Flaunt your wealth, or “falling stars,” has become an online craze in China. Posing in bizarre situations as if tripping from their luxury cars, rich kids are jostling to be photographed surrounded by their money, designer brands and jewelry.
As an analogy of the broader economy, it has merit.
Official data points to a distinct “stumble,” real or imagined, in a number of key areas. In September, profit growth at China’s industrial companies dipped for the fifth consecutive month.
The slowdown was in line with numbers released last week which showed factory output increased at its “weakest pace” in two years.

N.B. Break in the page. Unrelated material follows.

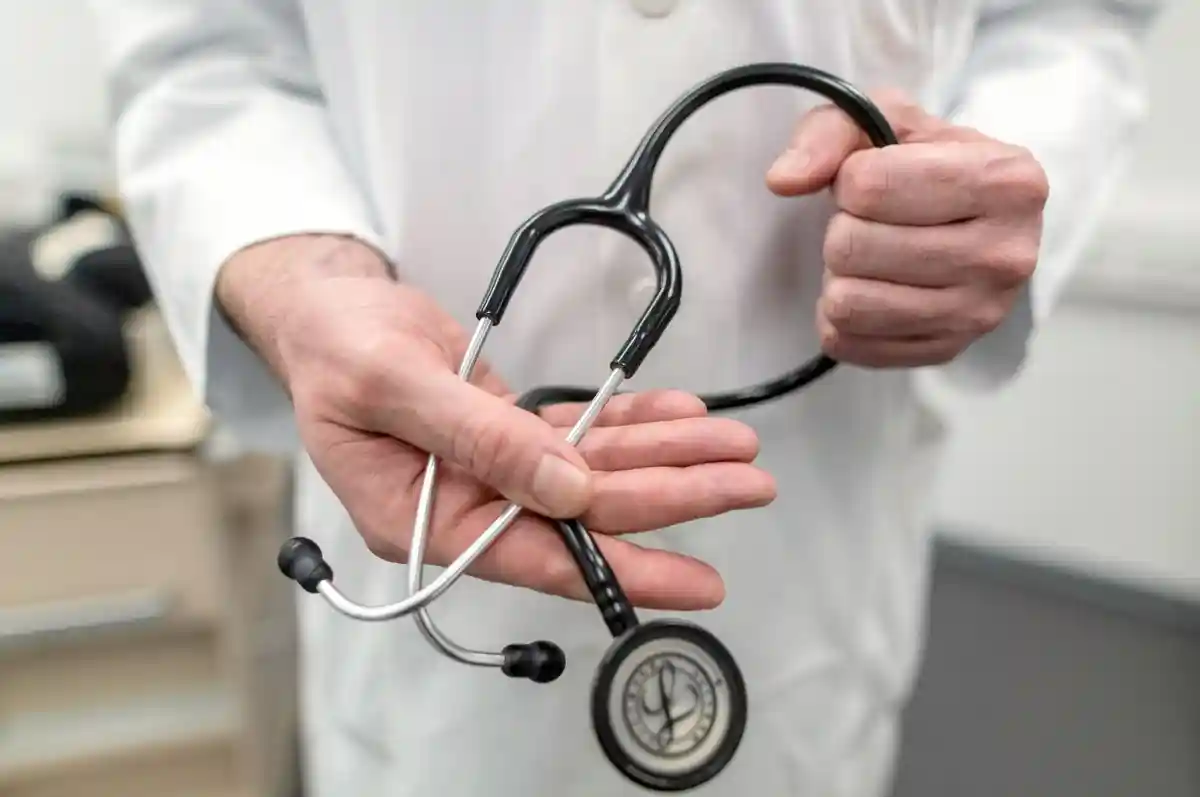 Кардиолог осуждает коммерциализацию немецкой медицины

“If the Chinese economy continues to weaken, the corporate sector could face heavier pressure in terms of profit-making performance,” Huang Wentao, an analyst at the investment bank and brokerage, China Securities, said.
Last month, corporate profits did edge 4.1% higher to 545.5 billion yuan ($78.57 billion) from the same period a year earlier.

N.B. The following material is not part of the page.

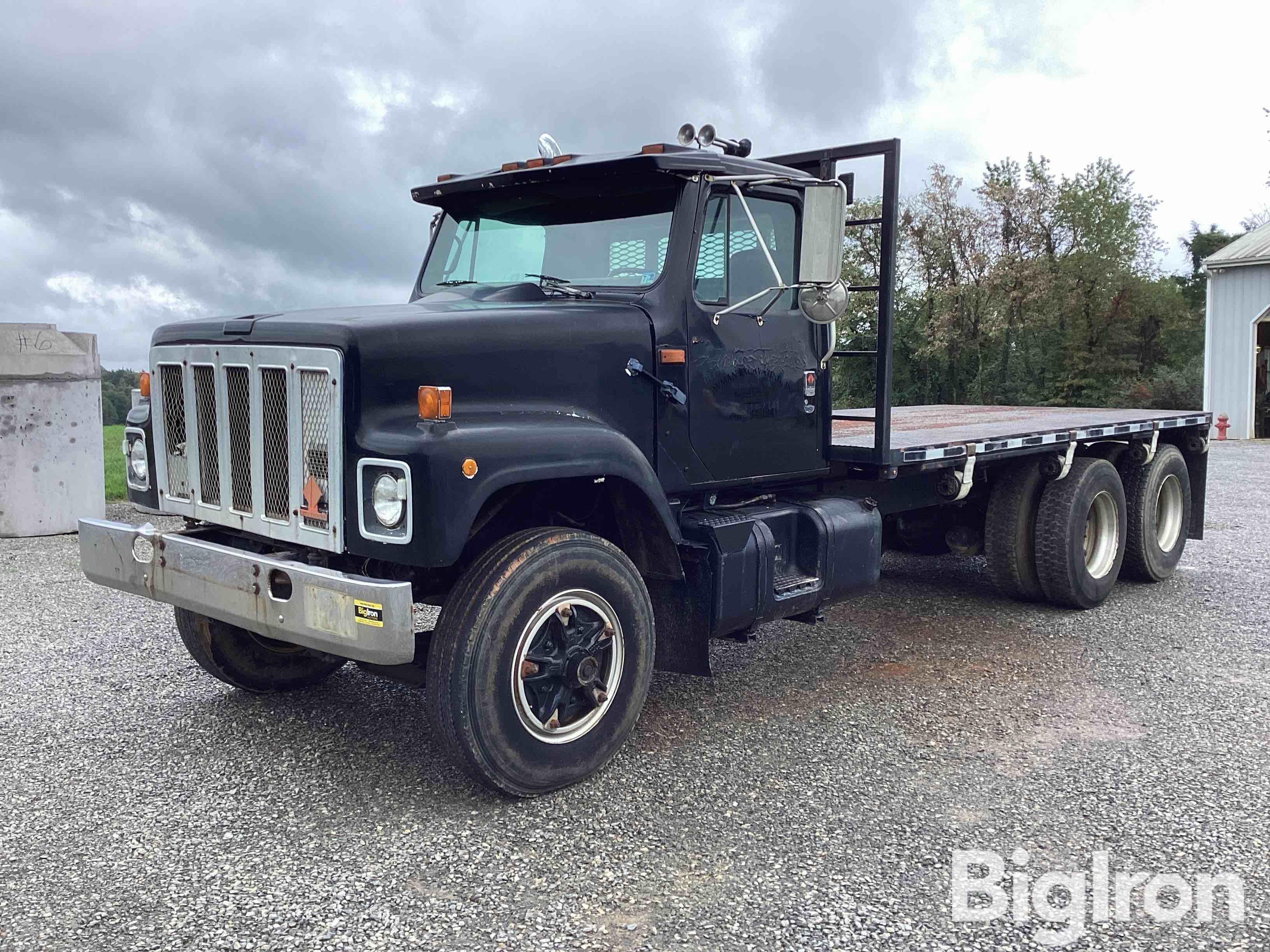 1989 International 2574 T/A Flatbed Truck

But that was less than half of August’s growth, figures released by the National Statistics Bureau showed at the weekend.
Already there are concerns that deteriorating corporate profits will eventually put pressure on jobs while slamming the brakes on consumer spending.
“Earnings in September were mainly pressured by a greater slowdown in production, and sales and declining price growth,” He Ping, a senior official at the NSB, said in a statement.
Similar to “flaunt your wealth,” there have been trips, slips and blips along an increasingly dangerous economic road, dotted with a myriad of hazards, such as rising trade tensions between China and the United States.
Fallout from President Xi Jinping’s credit crunch has also dragged down growth along with a tumbling renminbi.
Again, these are the ramifications of disappointing data. Last week, the numbers showed the economy in the third quarter expanded at the weakest rate since the Great Recession in 2009.
Moreover, mainland markets have been sucked into this vortex with each statistical stumble.
Nearly US$3 trillion has been wiped off the Shanghai Composite Index in the past nine months and $1.1 trillion in Shenzhen.
Bearing the brunt of the turmoil has been an army of 150 million individual investors, despite the People’s Bank of China pumping billions of dollars of liquidity into the markets.
On Monday, Shanghai and Shenzhen dropped by more than 2% as economic jitters persisted.
“Amid trade headwinds and domestic uncertainties, China’s economic growth [could] slow to 6.4% year-on-year in the fourth quarter,” economists at Citibank projected in a report.
“As lagging indicators, overall industrial revenue and profit should continue to soften accordingly,” they added.
Ironically, like the “flaunt your wealth” challenge, the broader economy could be in for a few more spills and chills before the end of the year.